WORK REQUEST:
From the material below, set down exactly the lines that run from the one containing "#ysrcp #bjp #anshikagkstudy1" to the one containing "Bearware 305740 - Indicadores", minus the pictures.

[Opening DATA EXTRACTS section]

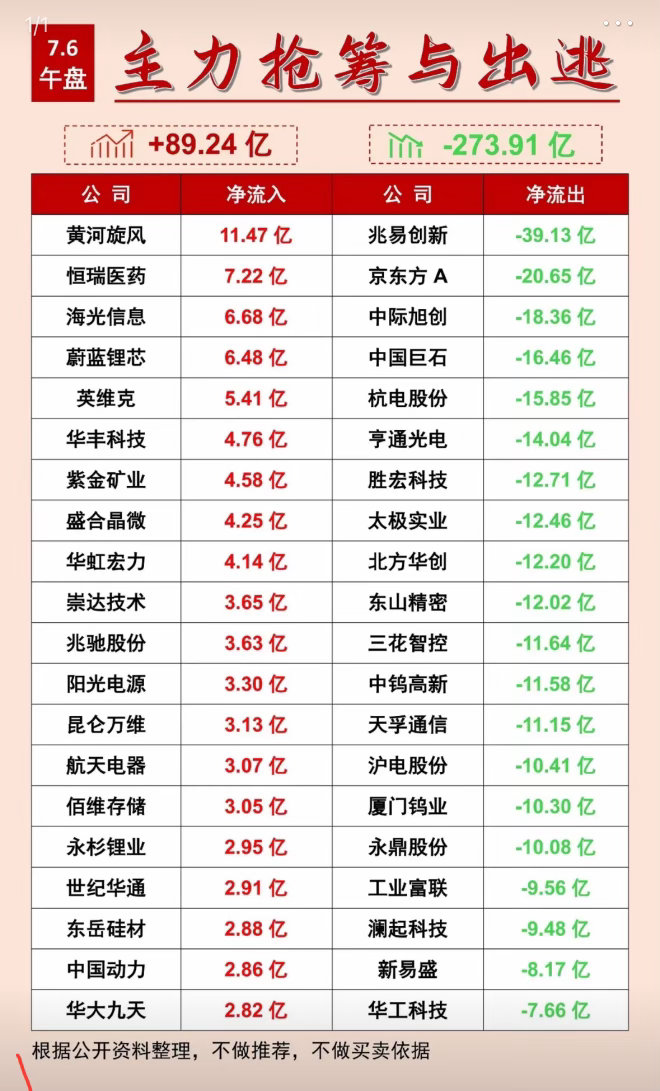7月6日周一主力净流入与净流出前20名个股揭晓。7月6日周一的股市数据新鲜出炉，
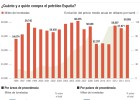 El consumo de crudo toca máximos desde 2006 por la caída del precio El consumo de crudo toca máximos desde 2006 por la caída del precio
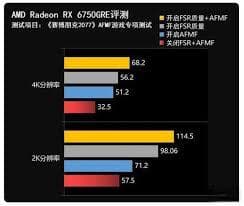3A大作游戏性能对比：N卡与A卡哪个更优？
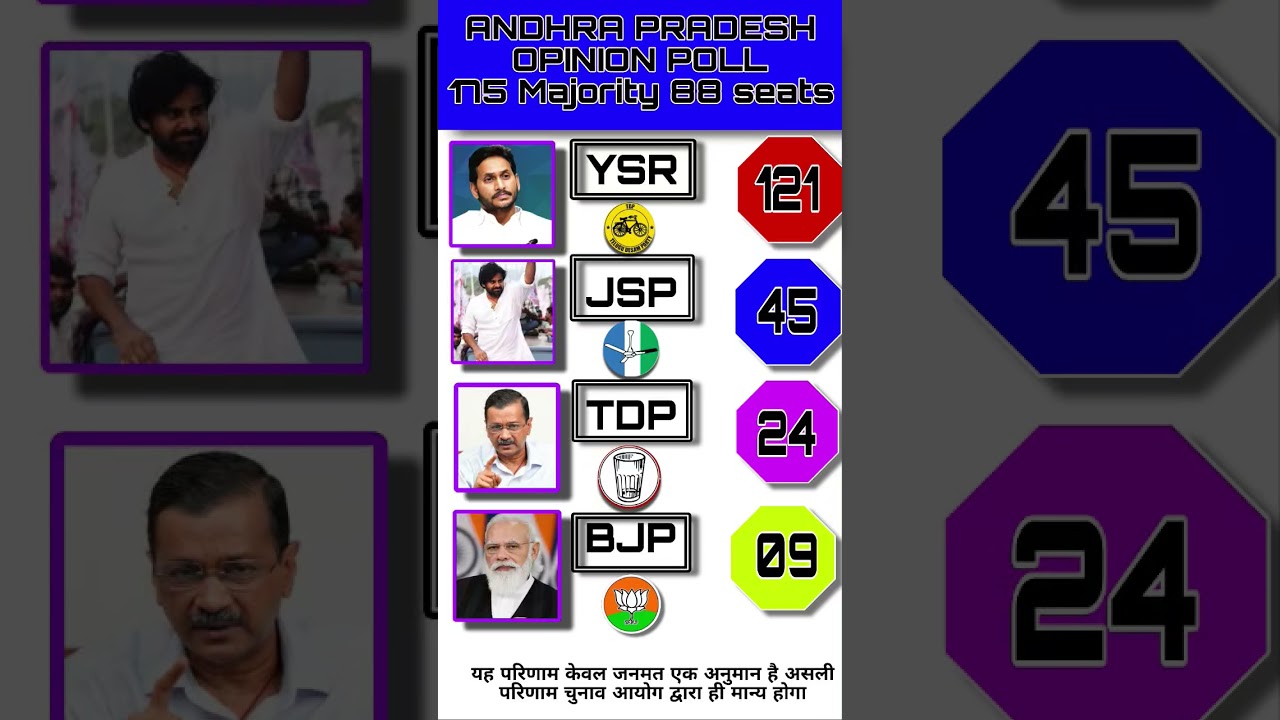 🗳️ Andhra Pradesh Opinion Poll 2026: A Mega Comeback?🔥🚨😱#tdp #jsp #ysrcp #bjp #anshikagkstudy1
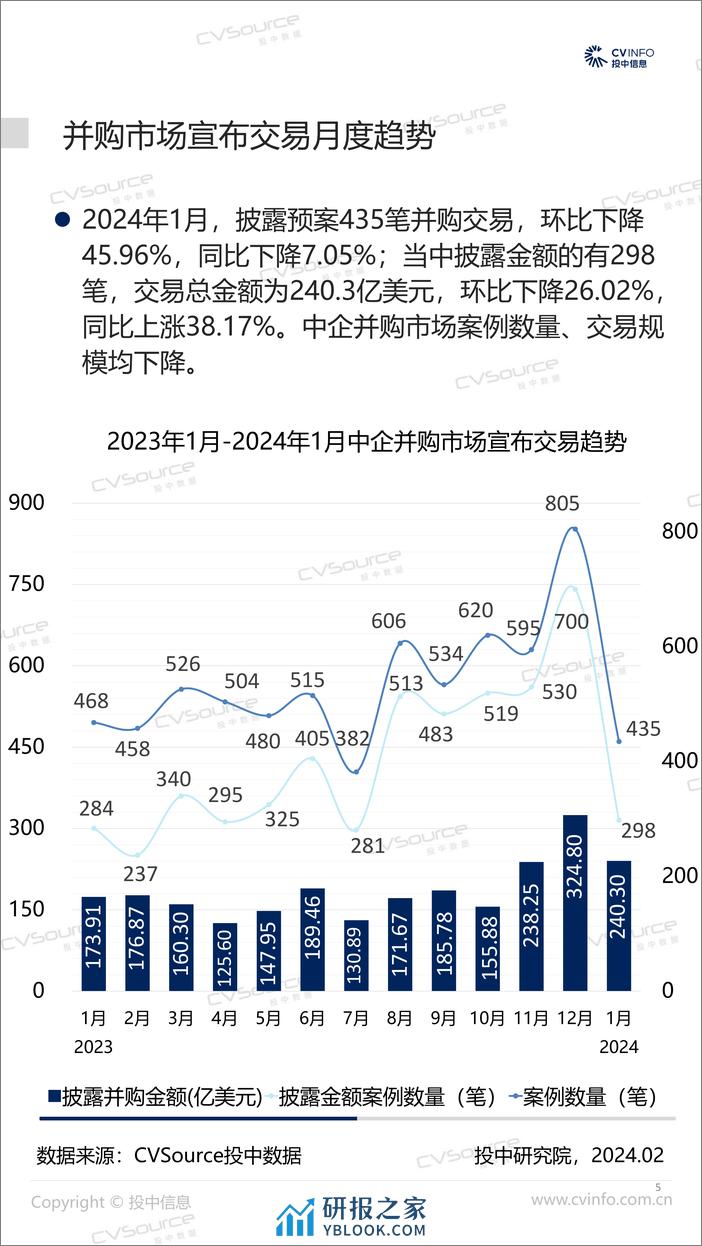 1月并购市场整体回落，基金退出较集中-17页 - 第5页预览图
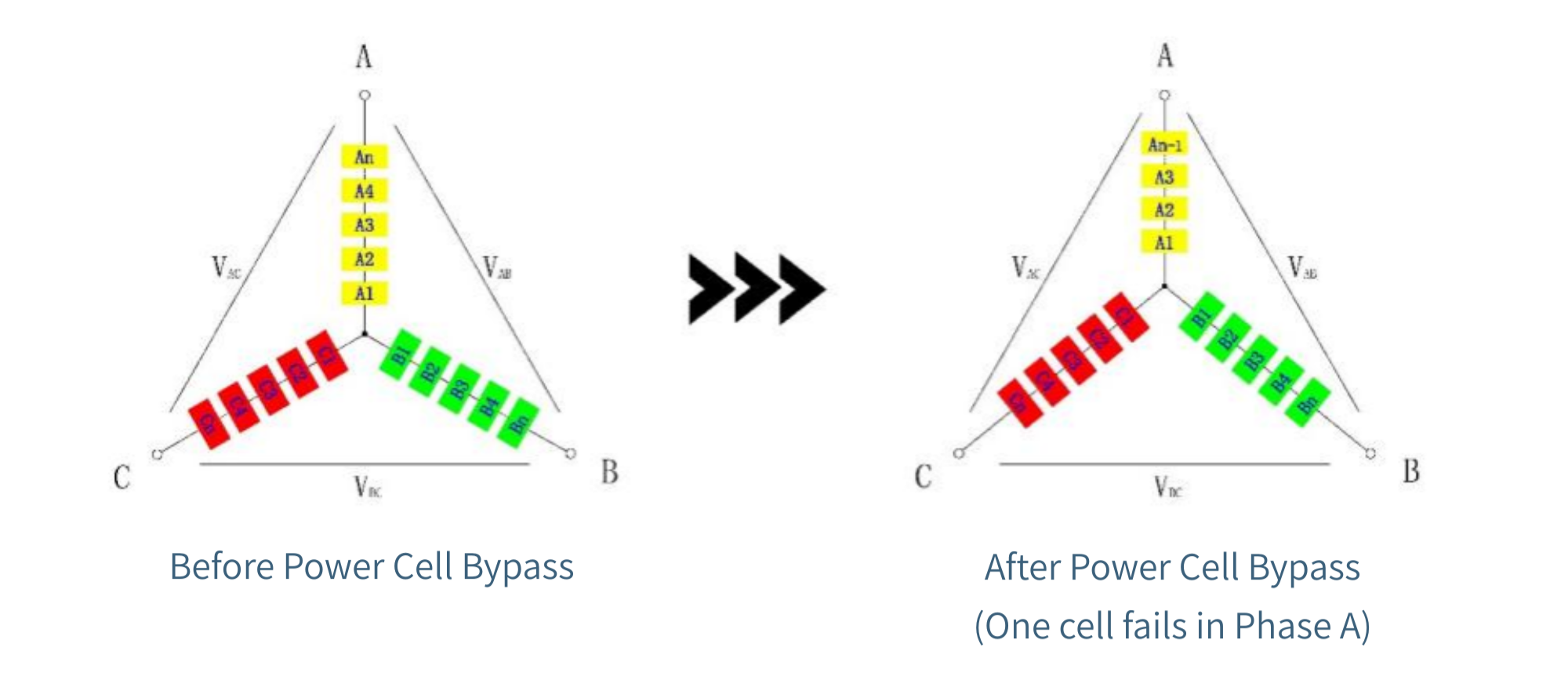 Figure 2 Figura 2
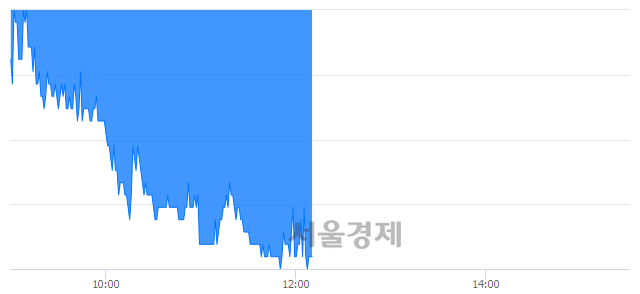 <유>녹십자홀딩스, 장중 신저가 기록.. 24,950→23,350(▼1,600)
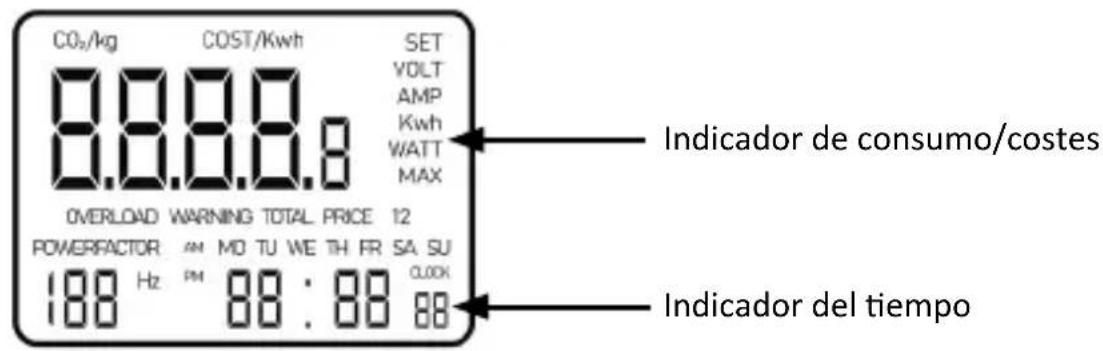 Bearware 305740 - Indicadores y controles - 1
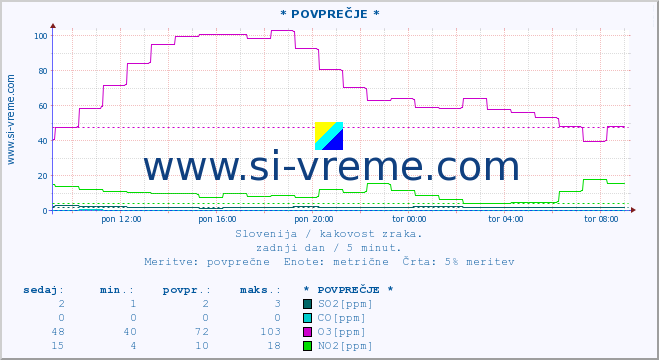 POVPREČJE :: * POVPREČJE * :: SO2 | CO | O3 | NO2 :: zadnji dan / 5 minut.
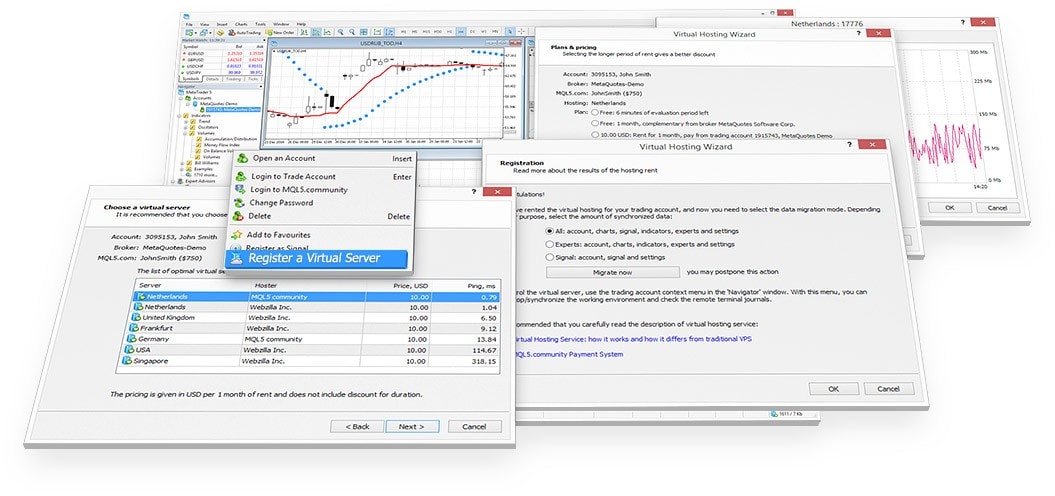 Virtual Hosting in MetaTrader 4 is the Optimal Solution for Traders Who Want to use Robots and Signals 24 Hours a Day Virtual Hosting in MetaTrader 4 is the Optimal Solution for Traders Who Want to use Robots and Signals 24 Hours a Day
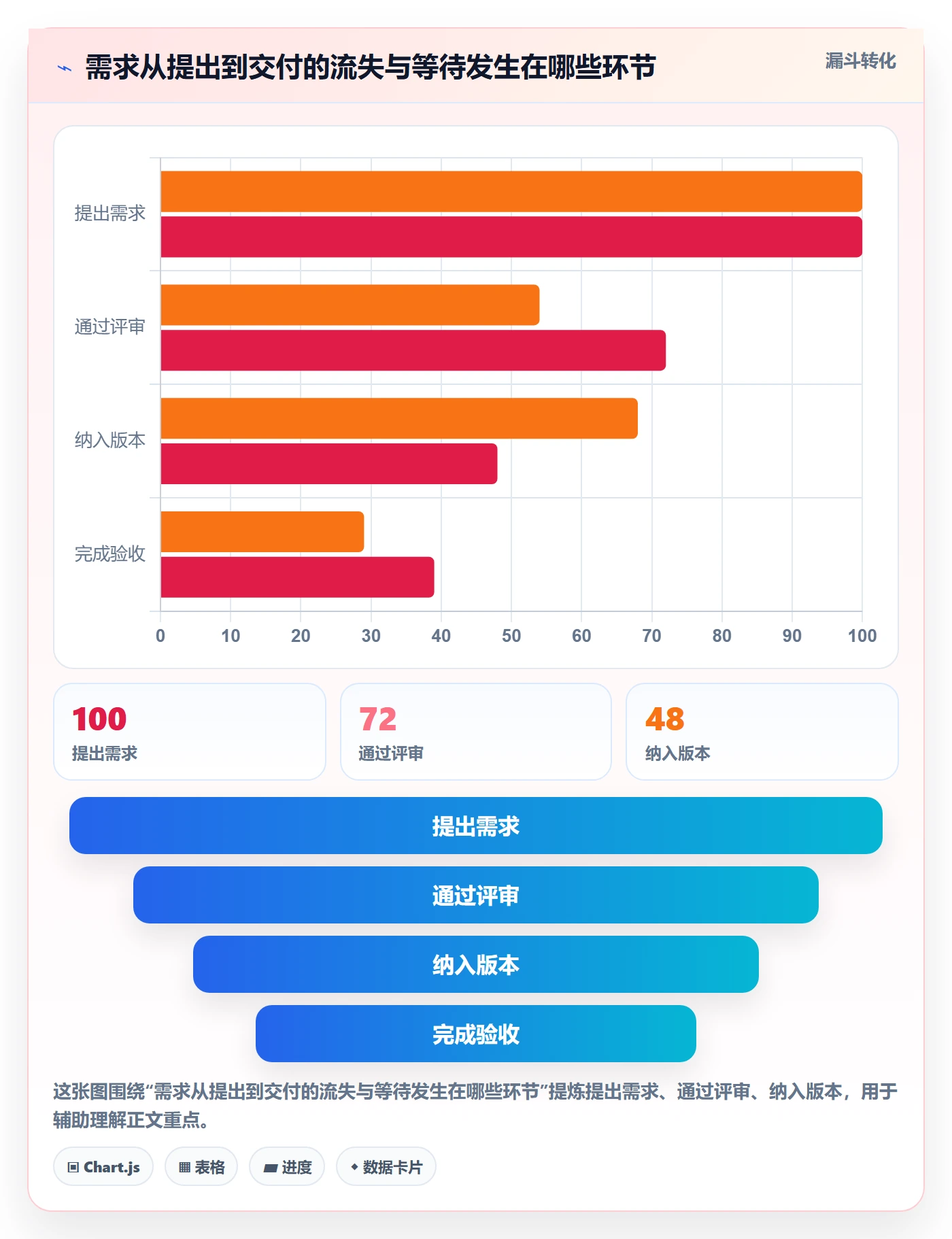 需求版本实操方法：项目经理提升产品需求效率的数据分析方法与模板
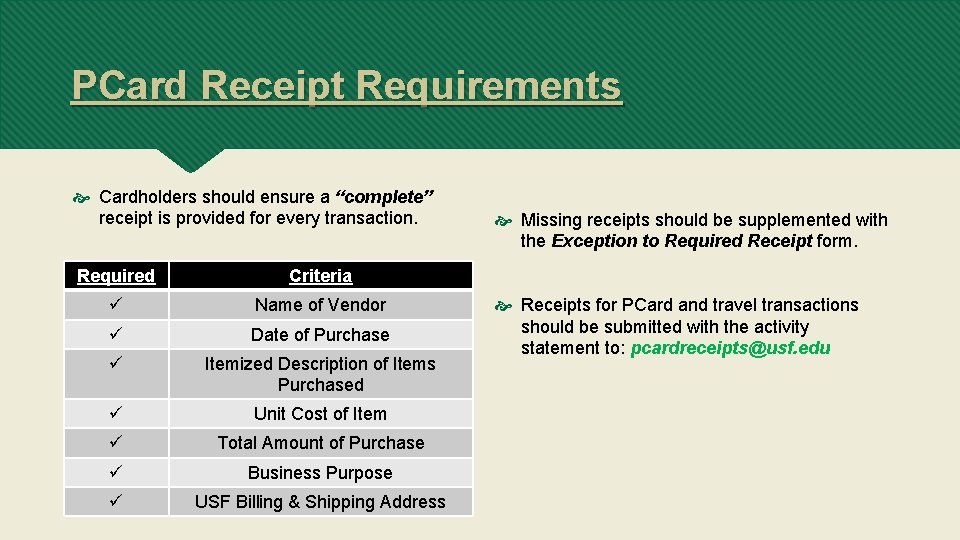 PCard Receipt Requirements Cardholders should ensure a “complete” receipt is provided for every transaction.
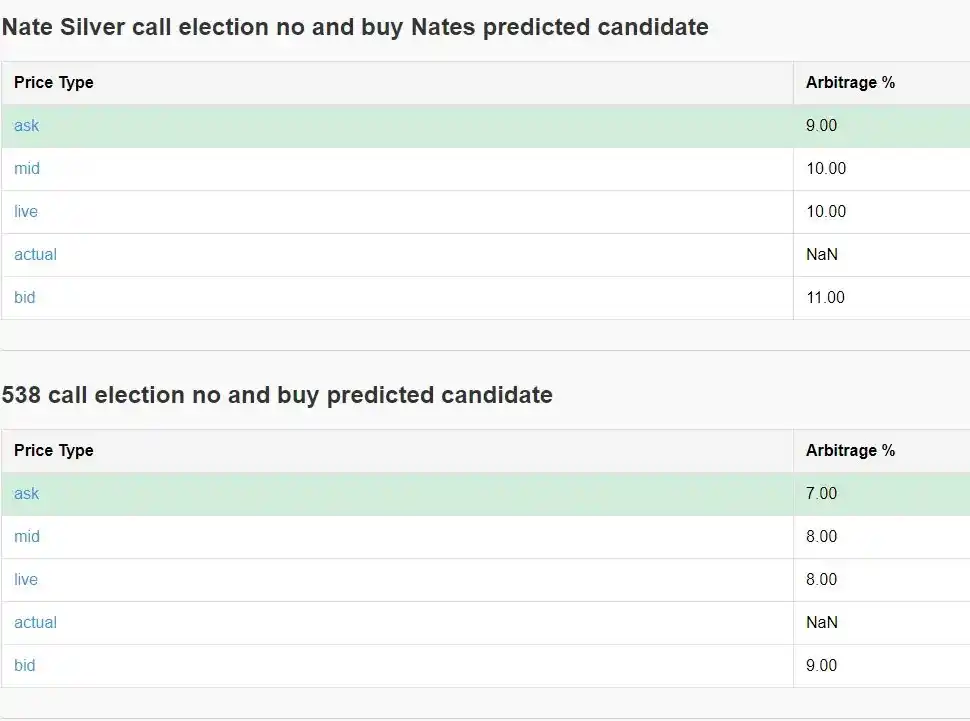 Polymarket 차익거래를 통해 연간 40% 수익을 달성하는 방법은 무엇입니까?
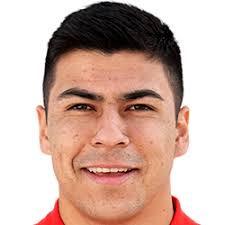 Luis Ureta FM 2021 Profile, Reviews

[Closing DATA EXTRACTS section]

EXERCISE RESULT:
 🗳️ Andhra Pradesh Opinion Poll 2026: A Mega Comeback?🔥🚨😱#tdp #jsp #ysrcp #bjp #anshikagkstudy1
 1月并购市场整体回落，基金退出较集中-17页 - 第5页预览图
 Figure 2 Figura 2
 <유>녹십자홀딩스, 장중 신저가 기록.. 24,950→23,350(▼1,600)
 Bearware 305740 - Indicadores y controles - 1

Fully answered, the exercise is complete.